Back to the 2010 USDOE EERE statistics. Railroad locomotives consumed a daily average of 240,000 barrels of petroleum (10.1 million gallons). Electric locomotives (whether the catenary type, or the electrified third-rail type – think Washington DC’s Metro subway system) used about 20,870 million kW-hrs of electricity in 2010, roughly the equivalent used by 1.82 million average US homes.

It’s An Engine, Or a Mobile Electricity Source

Arnold R. Miller of Lakewood, CO and three co-inventors were granted patent 8,117,969 in February, 2012 for “Hydrogen fuel cell hybrid locomotives,” their patent is assigned to the BNSF Railway Company. The invention provides a set of batteries for driving multiple electric traction motors (as are currently used in diesel-electric locomotives) for moving the locomotive “and a fuel cell power plant for charging the set of batteries and driving the electric traction motors. The fuel cell power plant includes at least one fuel cell power module for generating electrical current by reacting hydrogen fuel and oxygen from intake air, the amount of electrical current being proportional to an air mass flow of the intake air. An air system selectively provides an air mass flow to the fuel cell module to generate an amount of electrical current required for corresponding operating conditions of the locomotive. A cooling system cools the at least one fuel cell power module in response to the amount of current being generated.”
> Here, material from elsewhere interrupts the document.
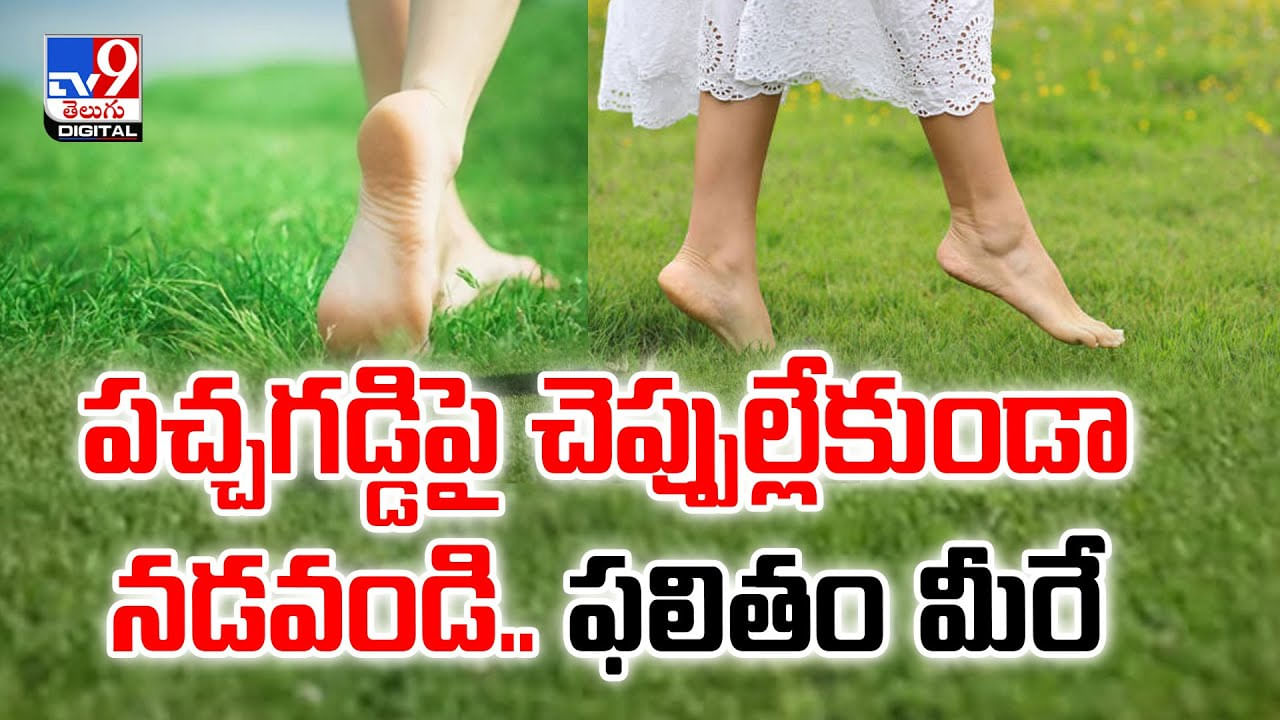 పచ్చగడ్డిపై చెప్పుల్లేకుండా నడవండి.. ఫలితం మీరే చూడండి వీడియో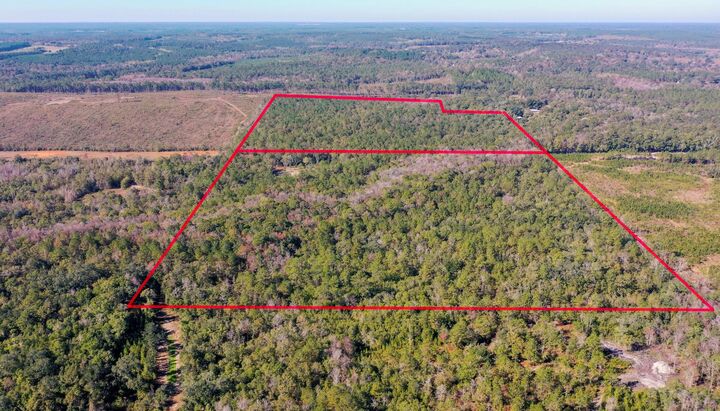 Property Photo:  75 Acres N Florida 81  FL 32455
Advantages of a hydrogen fuel cell locomotive include
[a]mong other things, such hydrogen hybrid fuel cell locomotives help reduce particulate air pollution in urban rail yards, as well as reduce the amount of greenhouse gases expelled into the atmosphere. Furthermore, the use of hydrogen as a fuel reduces the dependency of the railroads on imported oil and decouples locomotive operating costs from the volatile fossil fuel markets. Moreover, hydrogen hybrid fuel cell locomotives can act as mobile electricity sources, for example in disaster recovery scenarios.